The main technique employed to characterize the efficiency of water-splitting in photosynthetic preparations in terms of miss and double hit parameters and for the determination of S_i (i = 2,3,0) state lifetimes is the measurement of flash-induced oxygen oscillation pattern on bare platinum (Joliot-type) electrodes. We demonstrate here that this technique is not innocent. Polarization of the electrode against an Ag/AgCl electrode leads to a time-dependent formation of hydrogen peroxide by two-electron reduction of dissolved oxygen continuously supplied by the flow buffer.

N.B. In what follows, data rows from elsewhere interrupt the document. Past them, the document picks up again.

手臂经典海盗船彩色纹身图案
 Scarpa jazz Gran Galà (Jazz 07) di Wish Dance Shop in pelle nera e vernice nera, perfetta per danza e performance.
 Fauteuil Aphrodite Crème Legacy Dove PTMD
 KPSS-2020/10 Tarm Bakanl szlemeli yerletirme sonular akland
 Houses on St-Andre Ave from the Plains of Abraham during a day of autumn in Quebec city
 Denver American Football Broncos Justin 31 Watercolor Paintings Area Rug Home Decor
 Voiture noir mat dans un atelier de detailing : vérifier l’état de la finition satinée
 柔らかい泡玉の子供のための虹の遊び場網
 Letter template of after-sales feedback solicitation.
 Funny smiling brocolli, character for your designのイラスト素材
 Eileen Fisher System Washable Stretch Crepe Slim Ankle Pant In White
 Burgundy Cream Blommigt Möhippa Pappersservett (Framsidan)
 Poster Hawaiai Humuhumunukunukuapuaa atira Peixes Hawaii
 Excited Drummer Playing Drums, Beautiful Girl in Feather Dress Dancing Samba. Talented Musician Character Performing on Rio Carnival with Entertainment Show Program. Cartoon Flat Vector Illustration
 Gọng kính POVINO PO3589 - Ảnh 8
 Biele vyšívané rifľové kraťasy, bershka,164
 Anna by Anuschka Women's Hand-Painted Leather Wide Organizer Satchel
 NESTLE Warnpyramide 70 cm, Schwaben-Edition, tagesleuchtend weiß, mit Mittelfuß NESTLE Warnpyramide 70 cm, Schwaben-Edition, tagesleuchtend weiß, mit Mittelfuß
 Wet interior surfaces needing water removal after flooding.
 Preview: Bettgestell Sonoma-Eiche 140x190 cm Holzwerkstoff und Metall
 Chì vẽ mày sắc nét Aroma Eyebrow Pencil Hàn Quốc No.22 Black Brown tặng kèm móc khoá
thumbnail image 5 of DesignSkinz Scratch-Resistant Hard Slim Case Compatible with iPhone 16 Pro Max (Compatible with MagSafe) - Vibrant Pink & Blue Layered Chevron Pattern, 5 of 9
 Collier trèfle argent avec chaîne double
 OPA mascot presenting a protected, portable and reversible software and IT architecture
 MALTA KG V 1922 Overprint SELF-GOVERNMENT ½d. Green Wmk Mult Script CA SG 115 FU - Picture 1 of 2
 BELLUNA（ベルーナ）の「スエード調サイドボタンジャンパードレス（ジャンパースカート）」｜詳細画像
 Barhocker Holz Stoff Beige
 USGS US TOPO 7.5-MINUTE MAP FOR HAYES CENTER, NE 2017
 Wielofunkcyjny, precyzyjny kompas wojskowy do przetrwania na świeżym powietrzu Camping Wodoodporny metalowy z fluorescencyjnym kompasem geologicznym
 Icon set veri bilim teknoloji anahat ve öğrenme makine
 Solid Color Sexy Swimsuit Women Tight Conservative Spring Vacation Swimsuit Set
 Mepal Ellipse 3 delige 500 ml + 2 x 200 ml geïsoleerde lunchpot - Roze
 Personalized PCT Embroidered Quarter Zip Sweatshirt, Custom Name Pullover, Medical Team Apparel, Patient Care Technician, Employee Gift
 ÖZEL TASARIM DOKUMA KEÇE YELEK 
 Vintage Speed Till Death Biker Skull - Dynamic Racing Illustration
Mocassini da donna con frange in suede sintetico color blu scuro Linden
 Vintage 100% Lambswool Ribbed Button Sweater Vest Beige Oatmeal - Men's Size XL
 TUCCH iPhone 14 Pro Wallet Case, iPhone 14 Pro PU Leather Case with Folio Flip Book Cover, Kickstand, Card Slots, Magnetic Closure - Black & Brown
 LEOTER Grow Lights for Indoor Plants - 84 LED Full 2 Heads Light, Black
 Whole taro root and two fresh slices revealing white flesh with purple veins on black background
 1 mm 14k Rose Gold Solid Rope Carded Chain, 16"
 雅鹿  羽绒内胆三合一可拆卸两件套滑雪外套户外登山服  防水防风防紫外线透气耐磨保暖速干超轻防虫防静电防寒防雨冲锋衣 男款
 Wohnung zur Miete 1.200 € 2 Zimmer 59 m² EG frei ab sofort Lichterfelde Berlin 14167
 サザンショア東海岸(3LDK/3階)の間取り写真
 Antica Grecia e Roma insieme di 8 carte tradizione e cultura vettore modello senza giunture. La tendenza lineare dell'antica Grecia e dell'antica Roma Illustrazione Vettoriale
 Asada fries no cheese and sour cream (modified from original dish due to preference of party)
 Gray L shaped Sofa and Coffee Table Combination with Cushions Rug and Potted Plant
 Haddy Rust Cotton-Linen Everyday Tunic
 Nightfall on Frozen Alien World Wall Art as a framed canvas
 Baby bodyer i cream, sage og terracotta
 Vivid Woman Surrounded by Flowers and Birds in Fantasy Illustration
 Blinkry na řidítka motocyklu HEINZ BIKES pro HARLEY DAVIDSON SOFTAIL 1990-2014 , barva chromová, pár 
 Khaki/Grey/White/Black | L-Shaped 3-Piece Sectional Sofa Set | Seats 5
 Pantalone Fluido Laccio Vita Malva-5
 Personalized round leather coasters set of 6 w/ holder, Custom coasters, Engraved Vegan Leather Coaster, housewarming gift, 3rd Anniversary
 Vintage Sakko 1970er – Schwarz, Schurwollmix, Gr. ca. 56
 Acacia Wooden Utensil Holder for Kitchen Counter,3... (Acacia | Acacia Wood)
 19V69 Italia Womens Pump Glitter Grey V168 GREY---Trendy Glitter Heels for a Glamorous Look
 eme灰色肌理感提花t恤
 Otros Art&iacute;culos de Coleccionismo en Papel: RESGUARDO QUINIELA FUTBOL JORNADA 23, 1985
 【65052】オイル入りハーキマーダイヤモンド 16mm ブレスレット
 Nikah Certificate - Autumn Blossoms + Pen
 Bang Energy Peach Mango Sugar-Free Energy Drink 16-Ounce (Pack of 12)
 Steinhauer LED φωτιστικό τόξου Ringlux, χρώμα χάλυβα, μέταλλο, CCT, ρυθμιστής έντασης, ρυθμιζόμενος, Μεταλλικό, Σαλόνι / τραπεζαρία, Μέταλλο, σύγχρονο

While the miss and double hit parameters are almost unaffected by H₂O₂, a time dependent reduction of S₁ to S_− 1 occurs over a time period of 20 min. The S₁ reduction can be largely prevented by adding catalase or by removing O₂ from the flow buffer with N₂. Importantly, we demonstrate that even at the shortest possible polarization times (40 s in our set up) the S₂ and S₀ decays are significantly accelerated by the side reaction with H₂O₂. The removal of hydrogen peroxide leads to unperturbed S₂ state data that reveal three instead of the traditionally reported two phases of decay. In addition, even under the best conditions (catalase + N₂; 40 s polarization) about 4% of S_− 1 state is observed in well dark-adapted samples, likely indicating limitations of the equal fit approach. This article is part of a Special Issue entitled: Photosynthesis Research for Sustainability: Keys to Produce Clean Energy.